Imagine a pile of stuff in space. Every bit of stuff has gravity, which pulls every other bit of stuff towards it. If you pile enough stuff, it will all be squished together by gravity and make a ball. The earth is a good example of this.

The earth is a big enough pile of stuff so that a little jostling of the stuff won't make any fly off. For example, when you throw a rock upwards, hit a baseball pop-fly, or a volcano spews rocks into the air, they all fall back down. In fact, there is something called escape velocity, which is how fast you'd have to fire something upwards for it to be able to leave the pile of stuff and not eventually fall back down. The bigger the pile of stuff and the closer you are to it, the faster the escape velocity is. On the surface of the earth, the escape velocity is around 11 km/s. That's way faster than a speeding bullet.

Now imagine piling on more and more stuff.
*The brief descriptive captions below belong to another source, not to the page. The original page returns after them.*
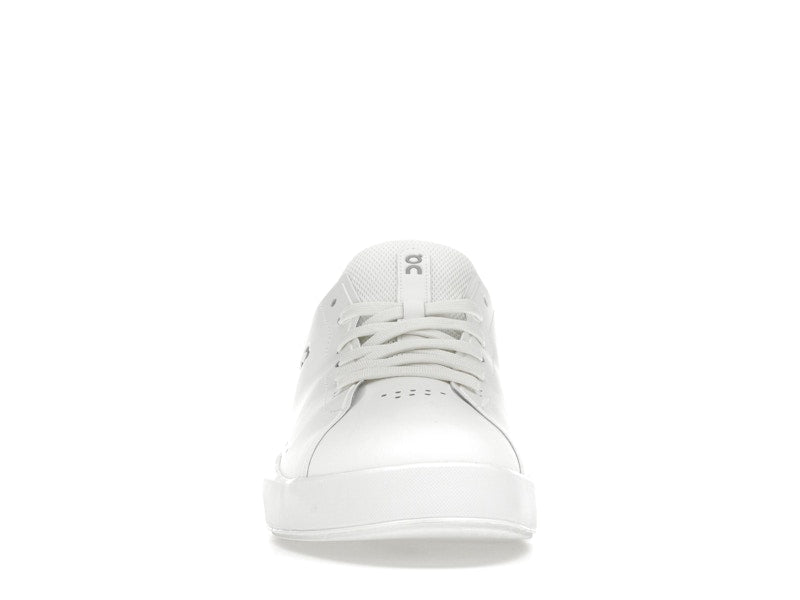On The Roger Advantage All White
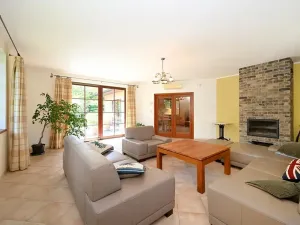 Pronájem rodinného domu, Světice, Na Spojce, 320 m2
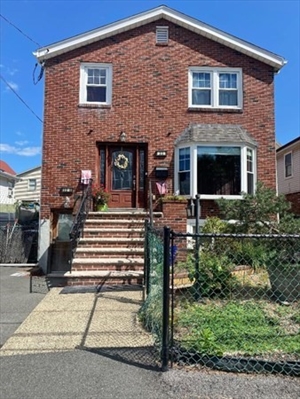22 Carlson avenue, Apt B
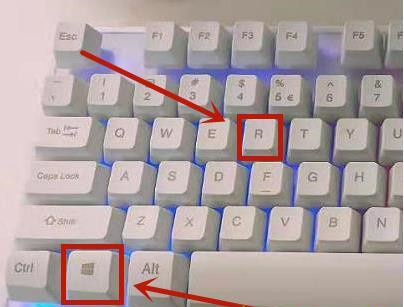 Win8桌面有圖標刪不掉怎么解決?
Imagine how squished things in the center of the pile must be getting. The pressure in the center of the earth is very high in human terms, but not high enough to do anything interesting with the stuff (mostly iron at the center of the earth) there. However, if your stuff was hydrogen instead of iron, eventually the very high pressure and high heat resulting for squishing it so much will cause the hydrogen atoms to fuse in to helium. That's called a star.

Our star is a much bigger pile of stuff than the earth, and the escape velocity at its surface is a lot higher than the earth's piddly 11 km/s.

Now keep piling stuff. The center gets more and more squished and therefore smaller, and the escape velocity gets higher and higher. What if you could pile so much stuff that the pile gets so small and squished but also so massive that the escape velocity reaches the speed of light? Since you can't make stuff go faster than the speed of light, there is no way to make it go fast enough to ever leave. That's a black hole. We call it "black" since not even light can escape, so it doesn't radiate light.

So from this you should be able to see that a black hole is a combination of a very large pile of stuff in a very small space.

I glossed over a few details in making a black hole, since those weren't immediately pertinent to your question. In reality, if you made a bigger and bigger pile, you'd get more and faster nuclear reactions as more and more stuff got squished and heated. That causes outward pressue which would keep the pile from compressing more, preventing it from getting small enough to be a black hole. You just end up with a super-bright star.

However, eventually what started as hydrogen is converted to heavier and heavier elements and the nuclear reactions are no longer sustainable. Before that the star goes thru some convulsions which also make it very big, meaning it's stuff is spread out over a large radius. Our sun will eventually get large enough to include the orbit of earth, for example.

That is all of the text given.